→ **Image-backed grounding data**:
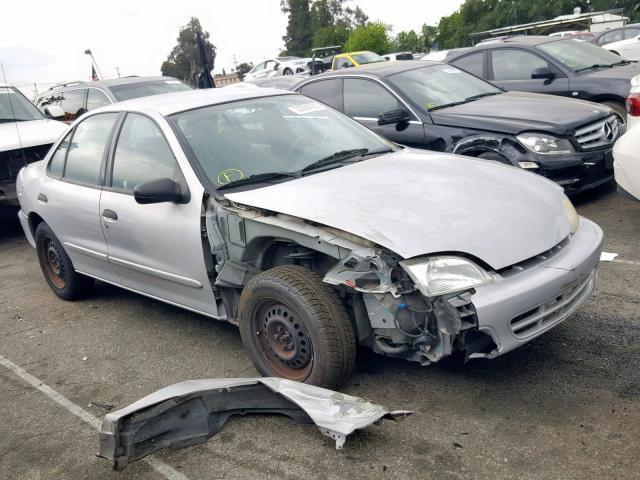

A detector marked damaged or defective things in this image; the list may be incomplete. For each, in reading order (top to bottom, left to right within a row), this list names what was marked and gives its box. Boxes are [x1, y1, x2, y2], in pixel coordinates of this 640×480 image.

exposed headlight [516, 132, 572, 155]
exposed headlight [564, 193, 580, 234]
exposed headlight [400, 255, 496, 296]
detached fender liner [97, 376, 412, 470]
damaged front end [97, 378, 412, 468]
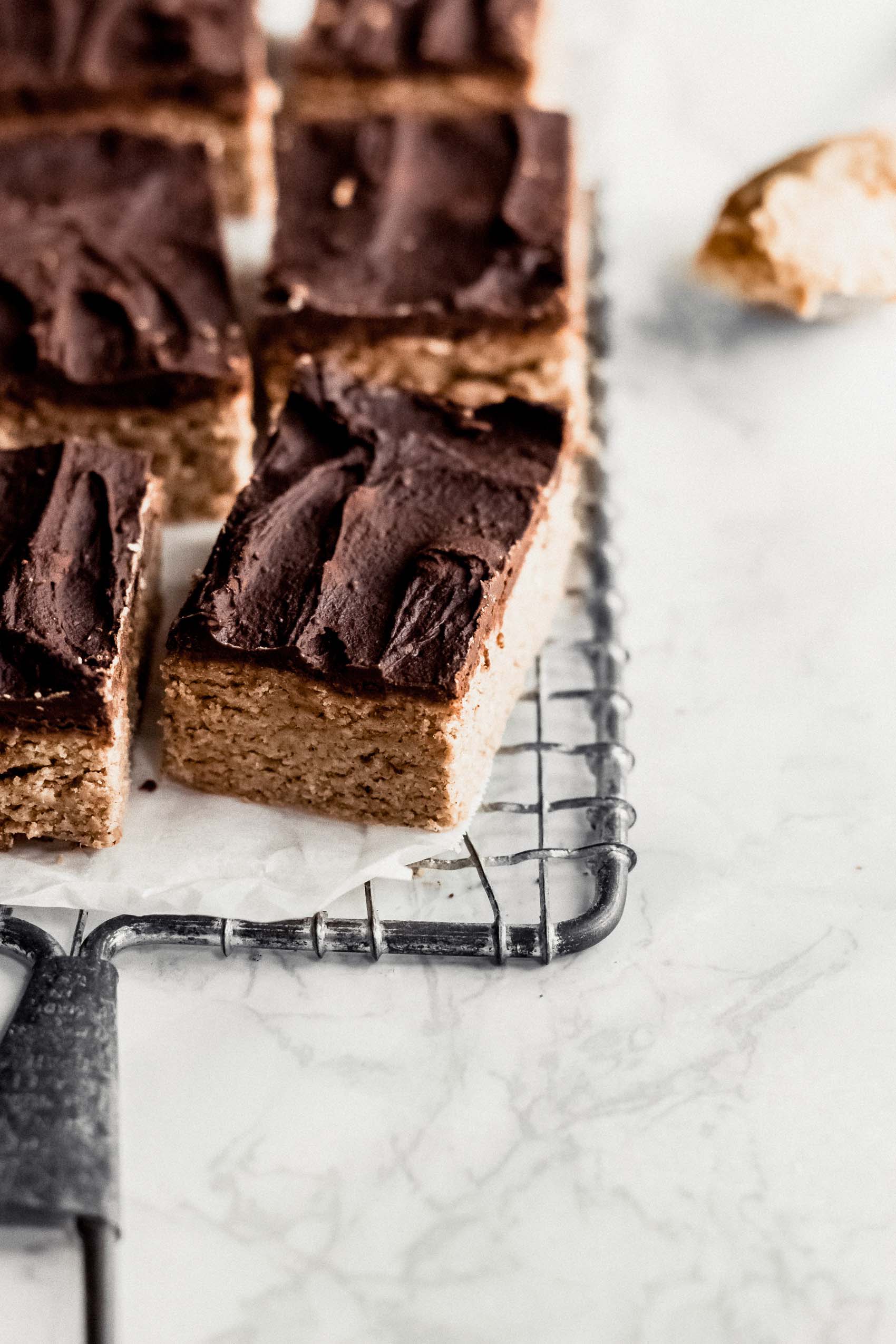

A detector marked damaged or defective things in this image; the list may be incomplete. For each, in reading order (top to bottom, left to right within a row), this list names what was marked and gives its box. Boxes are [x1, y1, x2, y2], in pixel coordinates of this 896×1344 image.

broken piece of bar [0, 130, 255, 519]
broken piece of bar [0, 0, 278, 215]
broken piece of bar [291, 0, 542, 119]
broken piece of bar [255, 113, 588, 422]
broken piece of bar [698, 130, 896, 319]
broken piece of bar [0, 435, 161, 844]
broken piece of bar [162, 357, 577, 827]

→ **Exercise requirements**: Before printing anything, remove the pictures; then print all the records exactly.

→ **Answer box**:
A detector marked damaged or defective things in this image; the list may be incomplete. For each, in reading order (top to bottom, left to right within a row), this list names what was marked and gives its box. Boxes are [x1, y1, x2, y2], in pixel coordinates of this 640×480 image.

exposed headlight [516, 132, 572, 155]
exposed headlight [564, 193, 580, 234]
exposed headlight [400, 255, 496, 296]
detached fender liner [97, 376, 412, 470]
damaged front end [97, 378, 412, 468]

A detector marked damaged or defective things in this image; the list may be incomplete. For each, in reading order (top to bottom, left to right within a row), this list names what was marked and gives its box. Boxes are [x1, y1, x2, y2], in pixel coordinates of this 896×1344 image.

broken piece of bar [0, 130, 255, 519]
broken piece of bar [0, 0, 278, 215]
broken piece of bar [291, 0, 542, 119]
broken piece of bar [255, 113, 588, 422]
broken piece of bar [698, 130, 896, 319]
broken piece of bar [0, 435, 161, 844]
broken piece of bar [162, 357, 577, 827]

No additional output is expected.